I am a new triumph owner, 75 tr6. thought I was changing the oil and I believe i emptied the transmission fluid. I inscrewed the plug under the motor, I know it was stupid. How can i replace the fluid, I don't see anywhere to pour it back in, can anyone out there help a rookie ?
DH Hutton

Hi DH

If you unscrewed the plug from the bottom of an aluminium part, then you drained the gearbox. If the plug was in the side of the black pressed steel sump, it is engine oil.

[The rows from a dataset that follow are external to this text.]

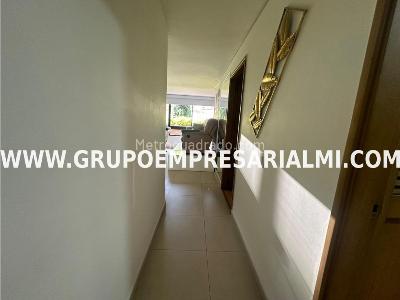 Apartamento de 4 alcobas en venta en El Poblado, Medellín, 440 m² · foto 11 de 20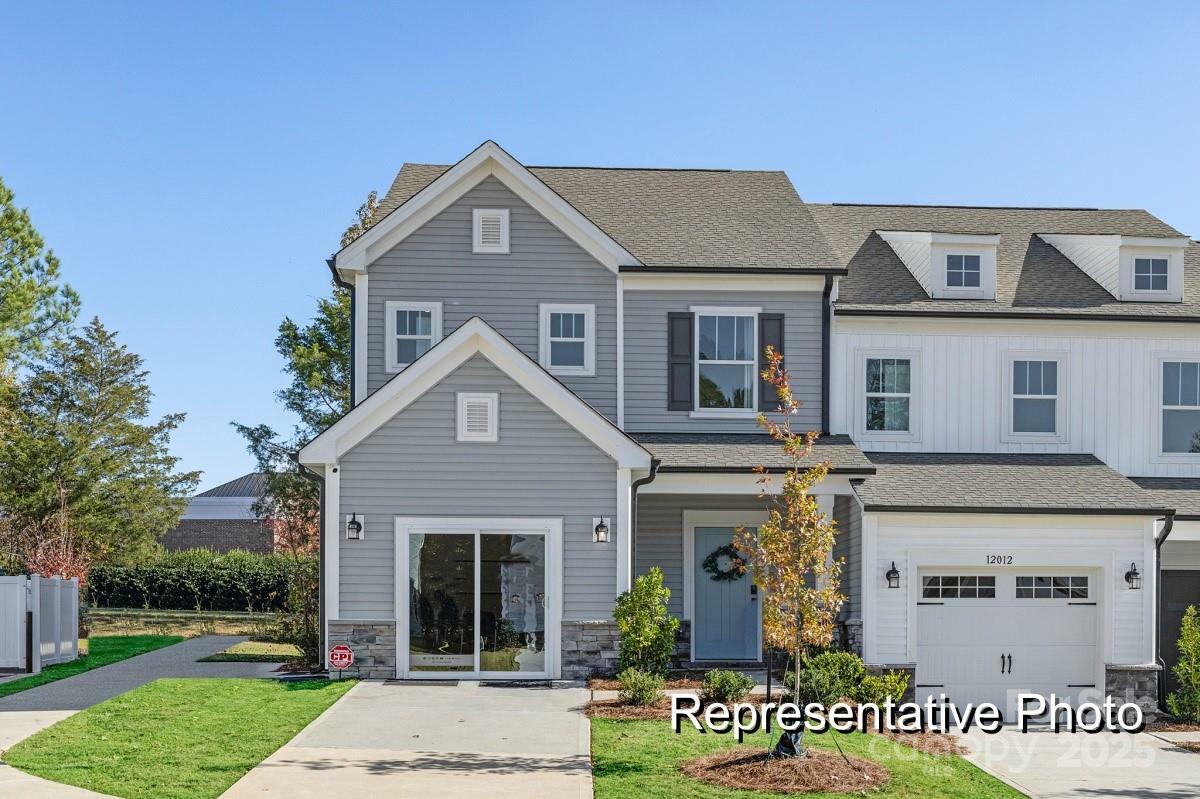 Property Photo: 11311 Magpie Court 2 NC 28215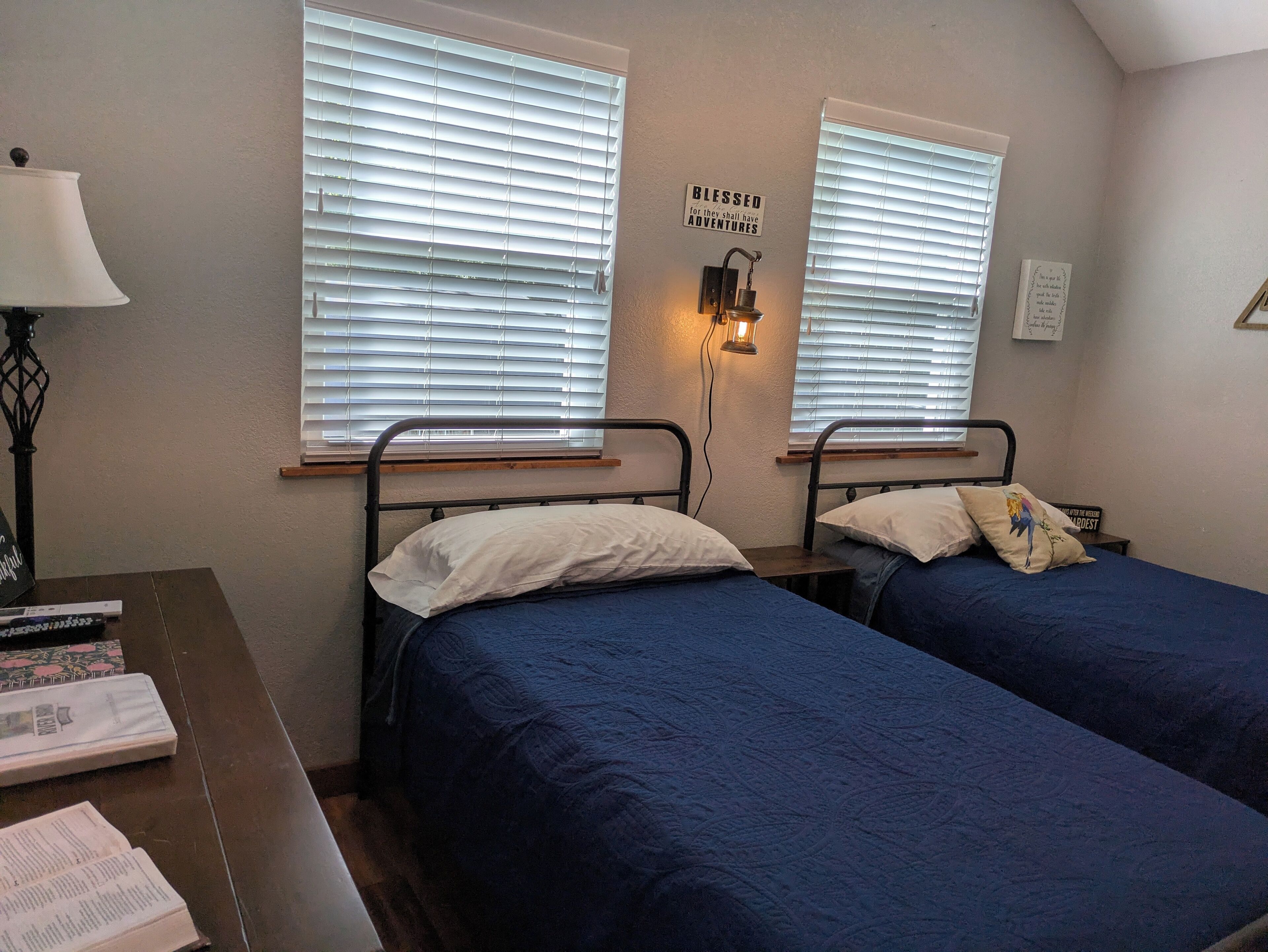 1 sovrum, skrivbord, strykjärn/strykbräda och gratis wi-fi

The fill plug for the gearbox is on the driver's side (assuming you have a LHD car), and is a square head plug. You might be able to see it if you look up from directly below, but if you are stuck (like me) with axle stands, you may have to feel around for it. Then comes the fun part - you have to get the oil up and into the fill plug. There are various pumps you can use, or you can use one of the oil cans with a thumb lever - this will strengthen your thumb, I can assure you.

The oil you need is something that is friendly to your yello wmetal gearbox parts, and it is, of course, not readily available. You need EP90 (I think). You can get it from The Roadster Factory, and occasionally from places like NAPA. You can also go with a synthetic from Redline (MT90?), which may be easier to get hold of, but will cost you...

If you have an overdrive box, then this all changes, and you need something else. Someone with a fancy overdrive gearbox will no doubt come along and advise...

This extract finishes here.